Things on the Stefani front is still about the same. I did bring someone else into the fold, my cousin. It began when she brought up a guy we went to school with, someone I always wondered if he was transgendered. There was something about him that made me suspect that he was.

That conversation led me to disclose my own gender identity, though I was nervous to do so. I opened myself up to her, and we ended up talking until after midnight. She was surprised by supportive. I showed her a picture, and she was amazed that I didn’t come across a some drag queen. I took that as a compliment.

Earlier, I had wondered out loud whether I should grow my hair back out, and she pieced it together, that my desire to grow my hair was an extension of my gender identity, and my loathing for wigs. She then made the suggestion that I should try to use extensions instead.

We talked clothing, makeup, and other girl things, which I found quite strange, but oddly satisfying. I could drop all pretenses and be me. It was great. I felt free, happy that at least I have an ally in the family. She did agree with me that my parents would never accept me, nor would my sister, but that’s a longer conversation.

What I hate is that I don’t have ample time to me Stef, only the occasional stolen moments. A friend asked me if I intended to transition, and all I could say is that I didn’t know.
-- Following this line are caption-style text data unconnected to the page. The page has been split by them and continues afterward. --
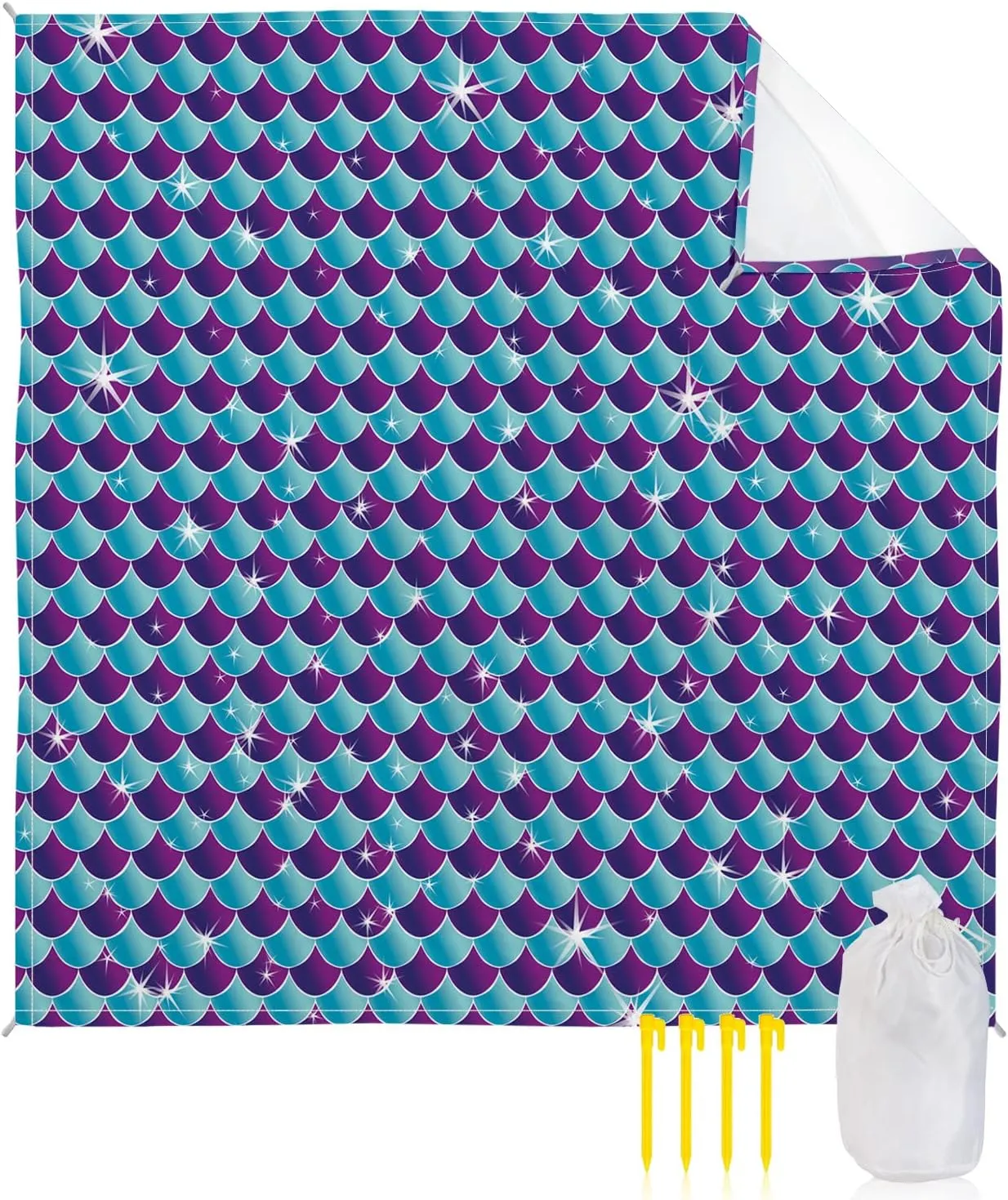 Beach Blanket Sandproof, Mermaid Scales Waterproof Beach Mat Lightweight Quick Drying Picnic Blanket Beach Essentials for Travel Camping Hiking 95x80in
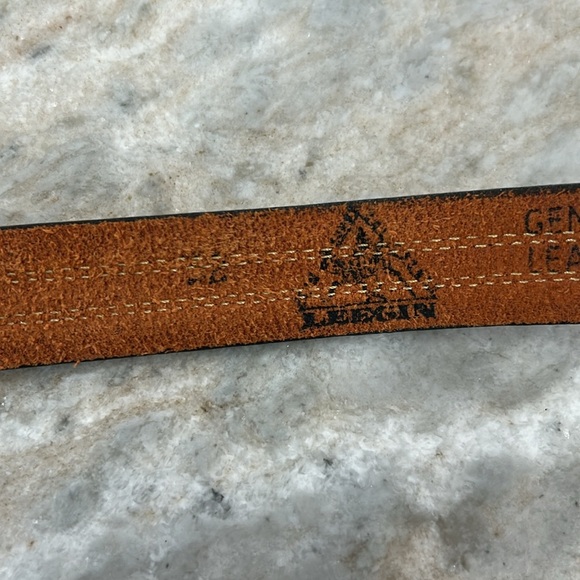 Leegin Men’s Leather Belt 32 with solid brass buckle brown - Picture 11 of 16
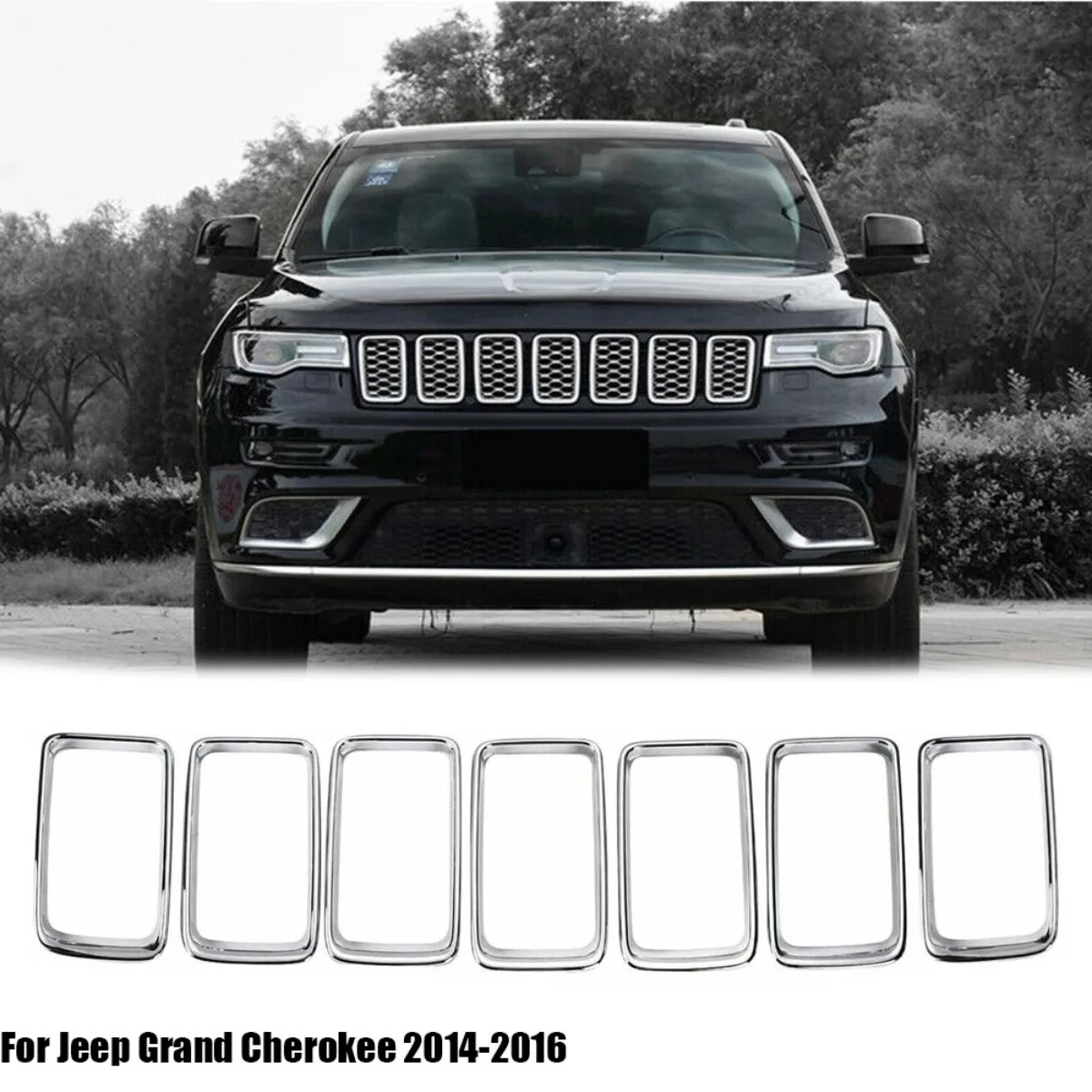 7X For Jeep Grand Cherokee 2014~2016 Auto Chrome Grille Cover Radiator Grill Ring Inserts Frame Insert Vent Bezel Ring Outlet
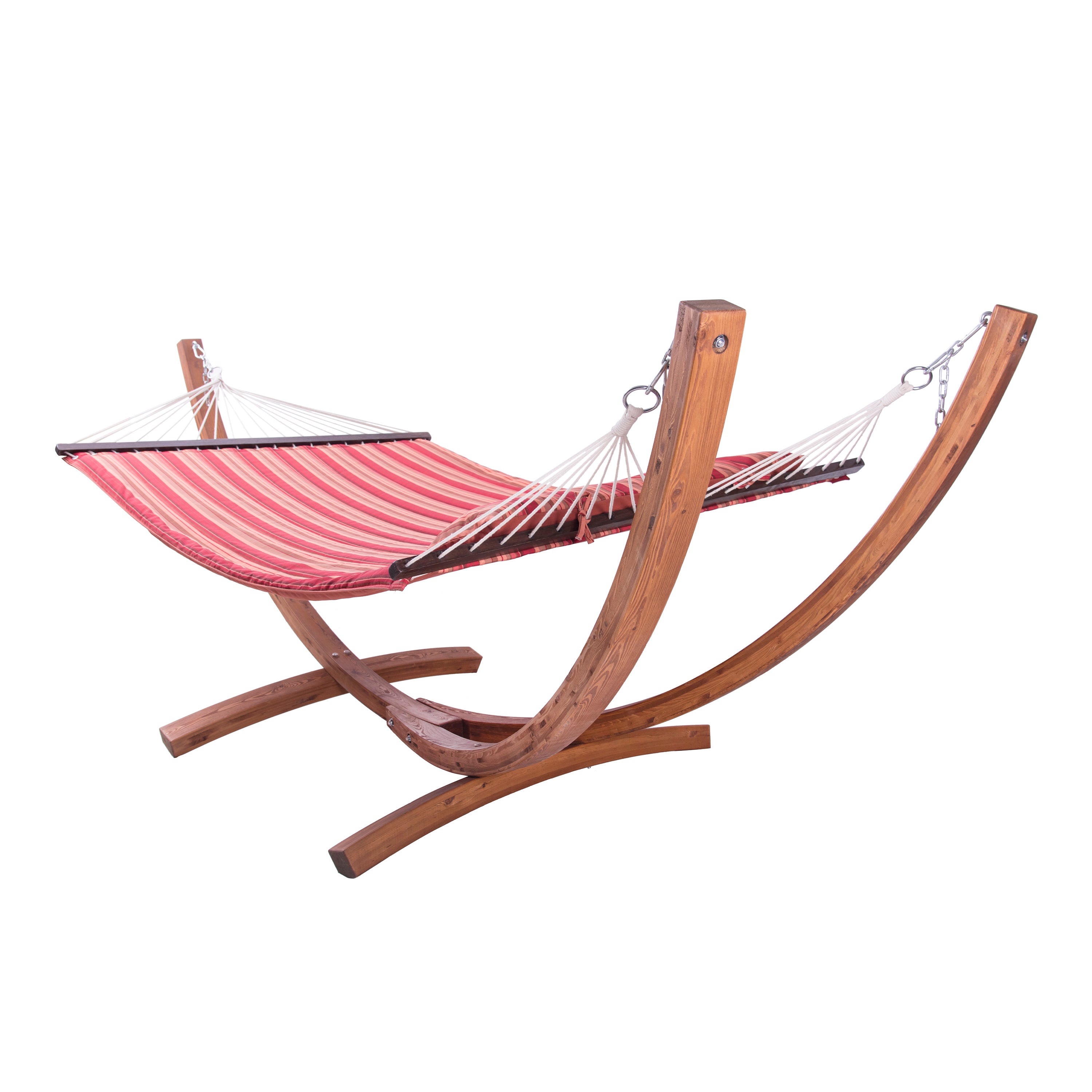 AXI Hawaï Hamac Double XXL | Hamac 2 personnes en Rouge avec Support en Bois | Pour l’extérieur pour Jardin, Terrasse, Balcon - 3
I’ve maintained that I had no intentions to do so, but this pull is getting stronger, and though I’m unwilling at the moment to say that I will do so, I have to concede that it is a possibility.

I don’t have to make up my mind yet. I can still dress when I have the chance. It’s the best I can do, and it’s fine for the time being. I have found some measure of peace whenever I do get to dress. I have found happiness, though only for brief moments of time.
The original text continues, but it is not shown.